Why does this matter? Mitochondria aren’t just the cell’s power plants—they’re also gatekeepers for cell survival. When mitochondrial integrity fails, tissues in the heart, brain, and liver go down with them. The usual “therapeutic” approaches fumble because we don’t fully grasp what triggers mitochondrial catastrophe in the first place.
Here’s what the team did:
Broke down the BNIP3 protein to find its critical “death” domain.
Used structural modeling to pinpoint amino acids that flip the switch on mitochondrial cell death.
Designed B-017, a peptide that interrupts BNIP3’s connection with BCL-2 executioners.

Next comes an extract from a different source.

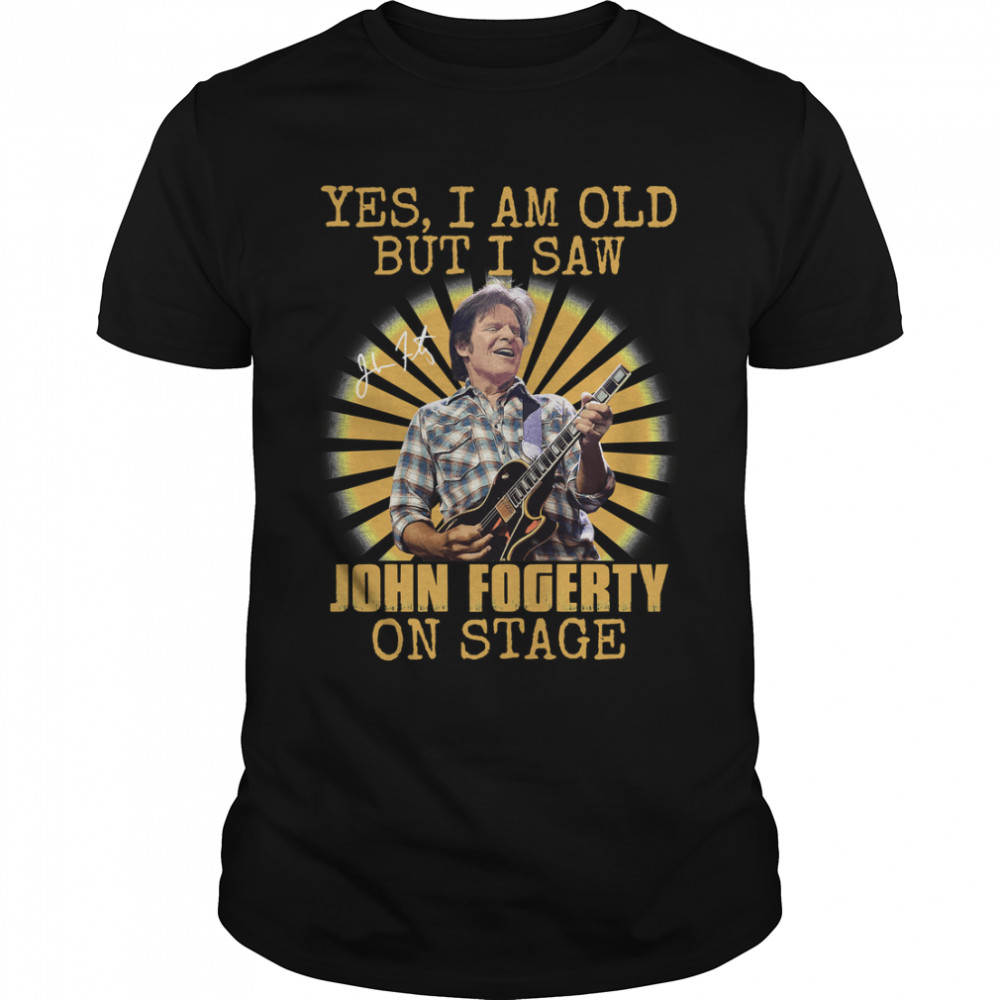 Yes Im Old But I Saw John Fogerty On Stage Essential T-Shirt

B-017 isn’t just a blunt tool. It’s highly target-specific and showed a clean safety profile in human cell lines. Even better, in animal models, B-017 slashed tissue damage across vital organs. That’s not just theory—it’s hard data that points toward real translational value.

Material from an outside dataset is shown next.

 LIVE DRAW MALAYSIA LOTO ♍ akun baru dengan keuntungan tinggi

Key takeaway: Reverse engineering peptides from proteins like BNIP3 can unlock new ways to keep mitochondria—and whole tissues—alive under stress. This isn’t just about one peptide. It’s a proof-of-concept for mining protein domains to design targeted, protective research peptides.
Want to dig deeper into the world of lab-designed peptides and their applications? Check out the peptide research index for more breakthroughs. For sourcing options, browse our vendor directory. The next big mitochondrial protector might already be in the pipeline.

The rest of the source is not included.